Born Jacqueline Carson Torrence in 1944, in Chicago, Illinois, Jackie Torrence was raised in North Carolina. She spent her early childhood on Second Creek, where she lived on a farming settlement with her grandparents. Jim Carson, Torrence’s grandfather, told the family traditional tales he had heard from his father, a former slave. Jackie trained as a reference librarian, and became a storyteller by chance in 1972, when the children’s librarian at the High Point Library called in sick and Torrence filled in. Soon, she had a budding career as a storyteller. “When I found storytelling and realized that I could make that extra money, and pay my bills, and feed and clothe my child—I went after that job with a passion,” she told Storytelling Magazine in January, 1999. Torrence became a successful storyteller and a spokesperson for the storytelling movement, appearing frequently on television, with appearances on Late Night with David Letterman and CBS Sunday Morning. She wrote two books, The Importance of Pot Liquor and Jackie Tales: The Magic of Creating Stories and the Art of Telling Them. She produced nine recordings on several labels, several of which won awards from the American Library Association. Her 1992 play, Bluestory, a history of blues music, was performed by Jackie with Piedmont blues musicians John Cephas and Phil Wiggins.

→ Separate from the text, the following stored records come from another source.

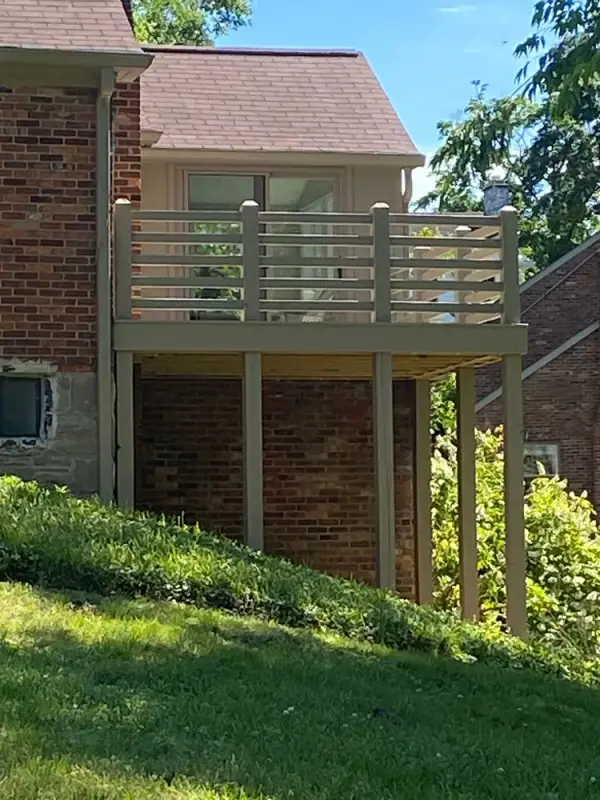 Stained elevated deck on tall posts seen from the yard, Belle Meade, TN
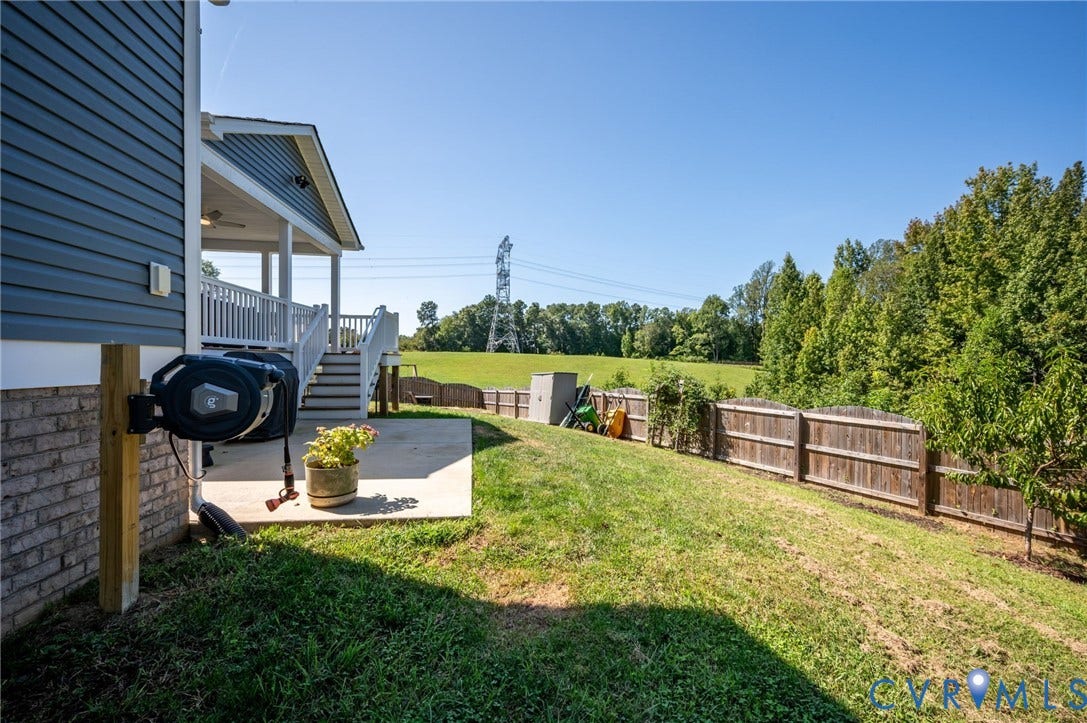 11804 Rydal Way, Cobbs Creek, Glen Allen, VA 23059 Lower level concrete patio, elevated covered porch, white railing, wood fence, and expansive grassy area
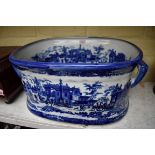 A twin handled blue and white footbath, 45.5cm wide.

Jackie Torrence died in 2004 at her home in Granite Quarry, North Carolina.
In the player below, hear Torrence’s performance at the National Storytelling Festival in Jonesborough, Tennessee, in 1986. It is part of AFC’s International Storytelling Collection (AFC 2001/008). Below the player, find my transcription of Torrence’s tale. The photos are by Tom Raymond, and are part of the same collection.
I would like to tell a story
A very old story that I heard from my grandfather.
He said that, many years ago, there lived a man and his wife.
They were an ordinary couple
and every night the man would seat himself before the fireplace and smoke his pipe and watch the smoke rings curl beneath the chimney.
Now his wife was really not an ordinary person at all.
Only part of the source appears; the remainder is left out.